Moreau too wanted himself to play well. To succeed. To earn a scholarship.
He just felt his odds were better at another sport.
“He says, ‘Dad I feel that soccer’s not for me. I want to get a scholarship, but I know I’m not going to get a scholarship in soccer. Dad, please let me play football,’” his father recalled of his son’s words.
That night, his mother and father – neither of whom were fond of his decision then – discussed the matter, and came to a resolution: He would be allowed to play football, and only football.
“It was hard (to leave soccer) because that’s what (my dad) loved and I loved it at first too,” Moreau said. “But it’s what I had to do.”
In time, Moreau grew bigger and taller, eventually up to his 6-foot, 195-pound college frame.
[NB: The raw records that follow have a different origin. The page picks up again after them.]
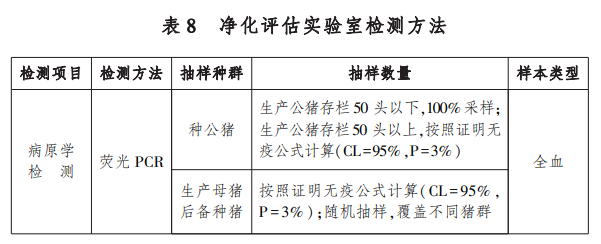 种猪场主要疫病的净化标准（伪狂犬、猪瘟、蓝耳、口蹄疫和非洲猪瘟）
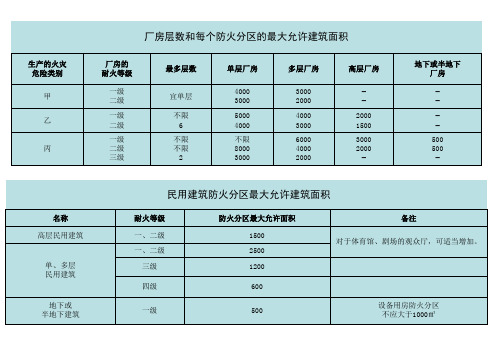 厂房仓库民用防火分区表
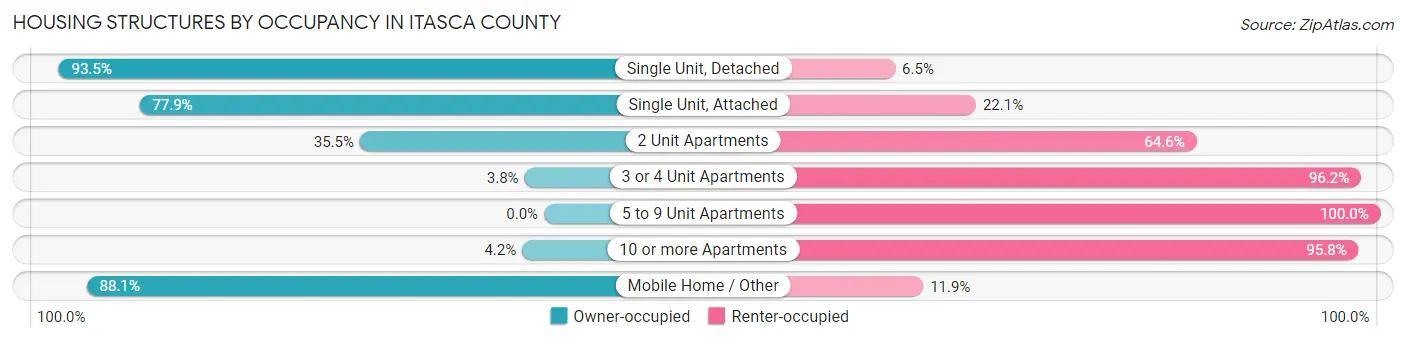 Housing Structures by Occupancy in Itasca County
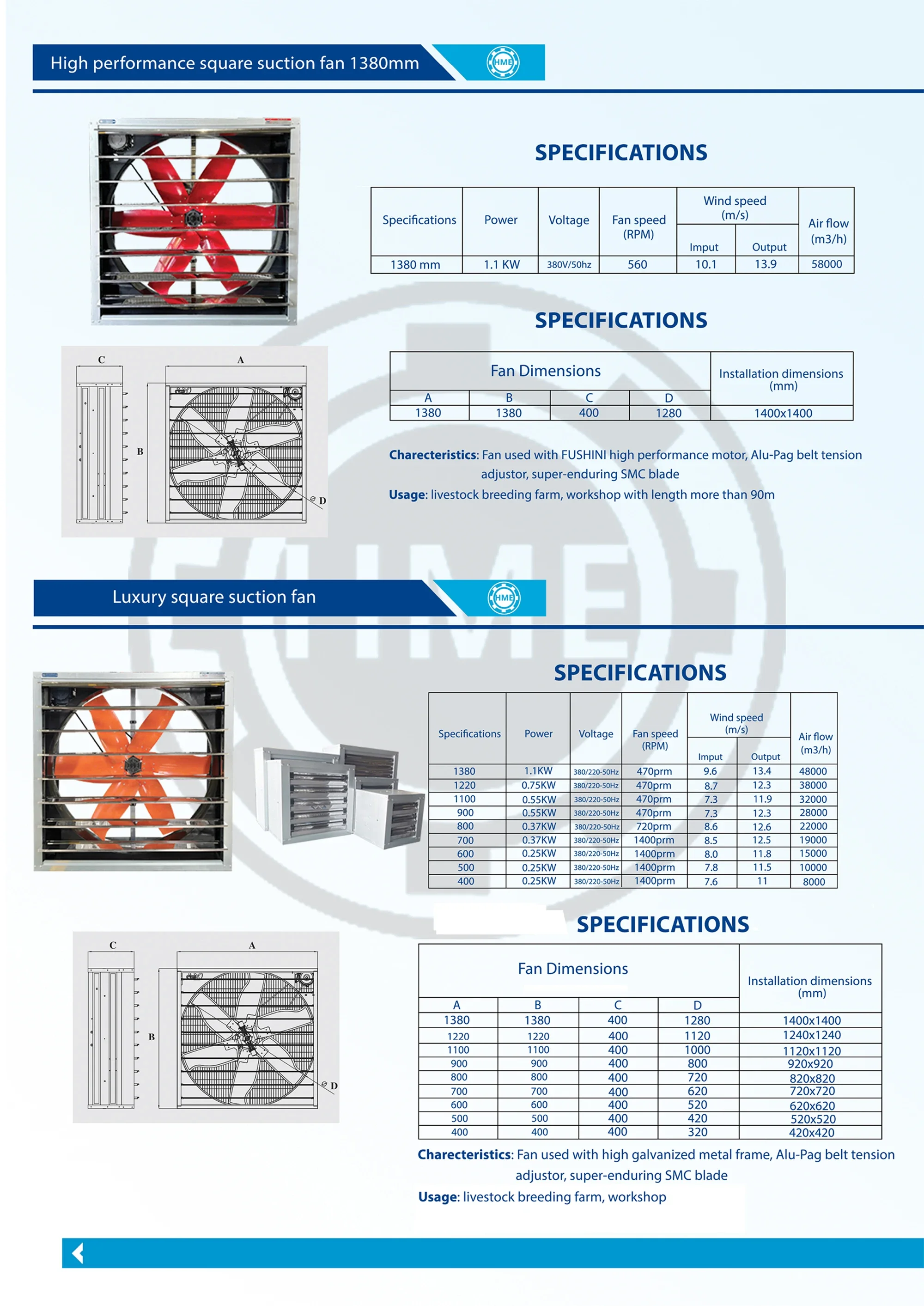 Round Industrial Ventilation Fan, HME, 780mm, Axial, 220V - detail 8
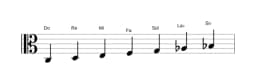 Partitions de la gamme Do Mixolydien bémol 6 en trois octaves (3)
His skills developed, and his game blossomed, propelling him to a three-star (Rivals and Scout) high school running back recruit.
He would earn that coveted scholarship.
But just not as originally planned.
***
Over a year removed from their son’s switch to cornerback, Berg and Guerly Moreau sat in the stands for UCLA’s 2013 season opener against Nevada at the Rose Bowl. The names of the starters began to appear on the big screen, one after another, and eventually – to their disbelief – their son’s name came up.
The two looked at each other, and his mother began to cry.
Until that moment, neither had any idea their son would be starting. He hadn’t told them.
In Moreau’s eyes, he was still fighting for the position. It wasn’t set in stone, so he remained mum on the topic.
But one thing was evident: Moreau was at last beginning to fit as a cornerback.
He had been relegated to mostly special teams as a freshman, but started 12 games at corner in 2013, earning the distinction of honorable mention All-Pac-12.
During UCLA’s recently concluded fall camp, Moreau’s play spoke volumes. He locked down each of the Bruins’ receivers with relative ease, unequivocally proving himself as one of UCLA’s best players.
“He’s showing the maturity, he’s showing the confidence and he’s showing the quietness … of corners who covered at the next level,” Martin said.
Entering the season, UCLA appears to have found its lockdown corner. And maybe, if Mora’s foresight is crystal-clear, an All-American.
Either way, it now seems Moreau is set up for success.